EliA IgG System: CAL-6 is 600µg/l
EliA IgA System: CAL-6 is 80µg/l
EliA IgM System: CAL-6 is 1000µg/l
EliA Calprotectin System: CAL-6 is 750ng/ml

But how does this transfer to the measuring range for a specific product in EliA Units?

For the calculation of the concentration in EliA Units (full explanation see here) the lot-specific factor is relevant. Thus, the actual upper limit for an EliA test is lot-specific, depending on the value of the factor. But we are required to give a limit in the DfU, and we also want to guarantee a certain measuring range. Therefore, we have limits in which the lot-specific factor can vary. In this case, we have the general limit that the lot specific factor can only decrease 20% from the usual lot-specific factor (master factor, defined during validation).
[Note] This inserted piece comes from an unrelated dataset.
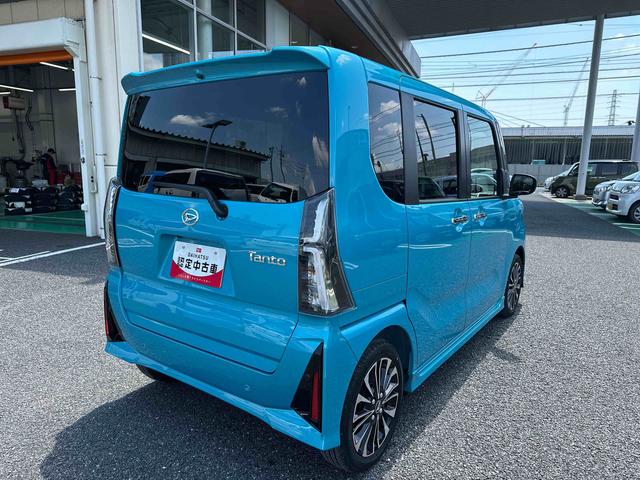 タントカスタムRS9型DPオーディオ・BT・TV・Bカメラ/ターボエンジン/両側パワスラ/スマートキー/LEDヘッド&フォグ/シートヒーター/電動駐車ブレーキ/運転席上下アジャスター/15インチアルミ/スマートアシスト(千葉県)の中古車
The limit in the DfU is calculated on this lowest allowed lot factor, because it means that we cannot relese any batch for which the upper limit of the measuring range will be lower than this limit in the DfU. That is also why we give the limit in the DfU with ">" because usually the detection limit for any batch at the customer will be higher than this value.

Example:

EliA Ro
Master factor: 0.50
Lowest allowed lot-specific factor: 0.40

detection limit in the DfU: ">240 U/ml"
(600 µg/l x 0.40 = 240 U/ml)

detection limit for a batch with factor 0.48: 288 U/ml
(600 µg/l x 0.48 = 288 U/ml)
So, results between 240 and 288 will still be given with actual, correct, numeric concentration results. Only results above 288 U/ml will be reported as "ABOVE".

As in all diagnostic testing, the diagnosis is made by the physican based on both test results and the patient history.